Imoderadamente moderado
Esta irracionalidade política, plantada em bases pouco distintas entre si nos métodos e em muitas concepções, incita o belicismo ideológico, desalojando a disputa democrática. O prejuízo aos viventes sob o comando de um e outro espectro tende a ser equivalente – afora os totalitarismos exacerbados. Mesmo que em meio aos extremos haja uma maioria de moderados dispostos a ouvir e dialogar, a prevalência é pelo aniquilamento da convivência civilizada. Extremistas são altissonantes.
Entre as consequências deste dualismo está o estímulo aos extremismos. Políticos e cidadãos politizados são humanos; têm o dom da razão, mas agem o mais das vezes movidos pelas paixões. (“Cada um deve, meditando sobre a lei, corrigir a irregularidade das paixões” (1651), teorizou Thomas Hobbes, no Leviatã.
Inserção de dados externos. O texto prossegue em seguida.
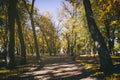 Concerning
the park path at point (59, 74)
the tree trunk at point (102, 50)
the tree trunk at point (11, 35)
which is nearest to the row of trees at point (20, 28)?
the tree trunk at point (11, 35)

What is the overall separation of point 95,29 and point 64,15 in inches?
1870

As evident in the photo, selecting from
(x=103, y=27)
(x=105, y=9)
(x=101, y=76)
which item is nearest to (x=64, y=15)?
(x=103, y=27)

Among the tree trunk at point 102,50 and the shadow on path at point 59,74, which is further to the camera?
the tree trunk at point 102,50

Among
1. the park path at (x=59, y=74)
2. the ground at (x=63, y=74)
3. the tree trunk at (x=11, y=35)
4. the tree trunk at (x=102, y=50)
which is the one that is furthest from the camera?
the tree trunk at (x=11, y=35)

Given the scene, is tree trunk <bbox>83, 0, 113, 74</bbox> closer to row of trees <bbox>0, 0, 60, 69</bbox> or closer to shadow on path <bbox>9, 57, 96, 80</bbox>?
shadow on path <bbox>9, 57, 96, 80</bbox>

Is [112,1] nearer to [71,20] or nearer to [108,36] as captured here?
[108,36]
Enigmático, Francisco de Goya, na gravura “El Sueño de la Razón produce Monstruos” (1799), alertou que a razão também pode ser violenta.) Se o mundo se resume à esquerda e à direita, serão estes os posicionamentos dos cidadãos. Não interessa que o conceito seja anacrônico e ilusório; adotado, prevalecerá como baliza, pois nos convencemos do que repetimos, e repetimos para nos convencer. Resta que a moderação, o equilíbrio e a tolerância viram conceitos de manual.
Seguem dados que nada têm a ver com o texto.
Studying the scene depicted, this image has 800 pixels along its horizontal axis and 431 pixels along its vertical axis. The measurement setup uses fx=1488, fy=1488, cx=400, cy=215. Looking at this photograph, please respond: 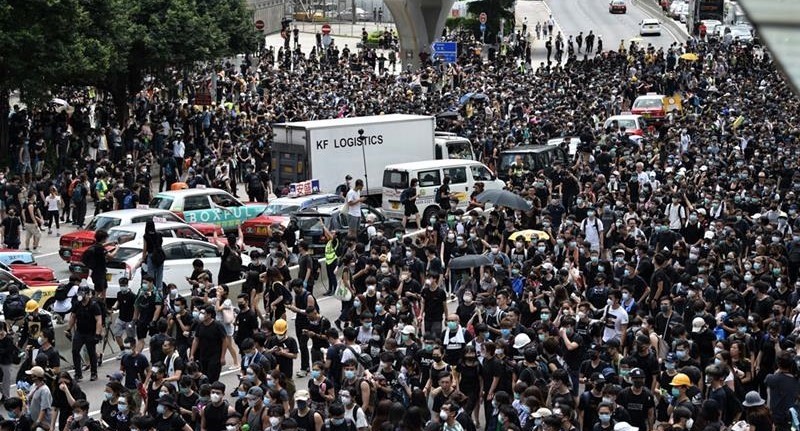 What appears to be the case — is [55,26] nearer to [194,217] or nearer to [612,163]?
[194,217]

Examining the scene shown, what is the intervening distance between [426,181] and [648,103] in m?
16.8

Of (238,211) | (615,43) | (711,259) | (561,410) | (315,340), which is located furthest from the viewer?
(615,43)

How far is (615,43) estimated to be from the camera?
8006 cm

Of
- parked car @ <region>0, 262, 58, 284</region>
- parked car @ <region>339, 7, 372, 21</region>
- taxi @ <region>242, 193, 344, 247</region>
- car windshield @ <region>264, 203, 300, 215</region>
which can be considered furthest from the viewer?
parked car @ <region>339, 7, 372, 21</region>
Em plena Guerra Fria, o filósofo francês Raymond Aron já desprezava os rótulos castradores do bom senso e da razão. “Recuso essas categorias”. Aron, “imoderadamente moderado”, anunciou no prefácio de sua obra O Ópio dos Intelectuais (1955), que estava “inclinado a romper todos os laços, não para me comprazer na solidão, mas para escolher meus companheiros entre aqueles que sabem combater sem odiar”. Moderação idealista, mas irreal. Nesta era dos extremos, a qual vivenciamos, não parece haver espaço para utopias fraternas.